RFR 9: JEP 290: Filter Incoming Serialization Data

Thu Jul 21 18:19:33 UTC 2016

Hi Peter,

On 7/21/2016 3:42 AM, Peter Levart wrote:
> Hi Roger,
>
>
> On 07/20/2016 04:44 PM, Roger Riggs wrote:
>>>
>>> - What is the purpose of the UNDECIDED return? I suspect it is meant 
>>> to be used in some filter implementation that delegates the 
>>> validation to some "parent" filter and respects its decision unless 
>>> it is UNDECIDED in which case it decides (or does not) on its own. 
>>> Should such strategy be mentioned in the docs to encourage 
>>> inter-operable filter implementations?
>> Yes,  some simple filters might be for purposes of black-listing or 
>> white-listing.
>> The pattern based filters, as produced by 
>> ObjectInputFilter.createFilter(patterns), can simply represent
>> white or black listing, but if none of the patterns match, it can 
>> only report UNDECIDED.
>>
>> A custom filter, should check if there is a process-wide filter 
>> configured and invoke it first.
>> Returning its status unless it is UNDECIDED and in that case use its 
>> own logic to determine the status.
>>
>> Definitely worthy of an @apiNote in ObjectInputFilter.
>
> Shoud Config.createFilter(pattern) then have an overload that allows 
> specifying a "parent" filter in addition to the "pattern" ?
>
Supplying a filter as a method has more flexibility in what it can check 
and how it combines
filters.  With lambdas it is very easy to write a filter to handle the 
more complex cases.
The pattern based filters are intended to cover only simple 
white-list/black list cases.
So for now, simple is good enough to start.
>>
>>>
>>> - The call-back is invoked after the type of the object and possible 
>>> array length is read from stream but before the object's state is 
>>> read.

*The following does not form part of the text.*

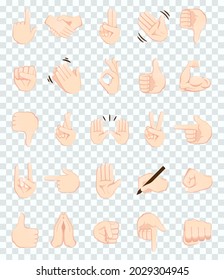 Hand gesture emojis icons collection. Handshake, biceps, applause, thumb, peace, rock on, ok, folder hands gesturing. Set of different emoticon hands isolated on transparent background  vector.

Suppose that the object that is about to be read is either 
>>> Externalizable object or an object with a readObject() method(s) 
>>> that consume block data from the stream. This block data can be 
>>> large. Should there be a call-back to "announce" the block data too? 
>>> (for example, when the 'clazz' is null and the 'size' is 0, the 
>>> call-back reports a back-reference to a previously read object, but 
>>> when the 'clazz' is null and the 'size' > 0, it announces the 'size' 
>>> bytes of block data. Does this make sense?)
>> Interesting case, I'll take another look at that. Since block data 
>> records are <= 1024, a filter might not
>> have enough information to make an informed decision.  Those bytes 
>> would show up in
>> the stream bytes but not until the next object is read.
>
> ...which could be to late. If the filter is to be also used as a 
> defense against forged streams that try to provoke DOS by triggering 
> frequent GCs and OutOfMemoryError(s), then such call-back that 
> announces each block data record could help achieve that.
Individual block data lengths are not very informative since block data 
can be segmented but
a cumulative (for the whole stream) block data size suitable for a 
callback from the
start of each block data segment might be useful.

Thanks, Roger

>
> Regards, Peter
>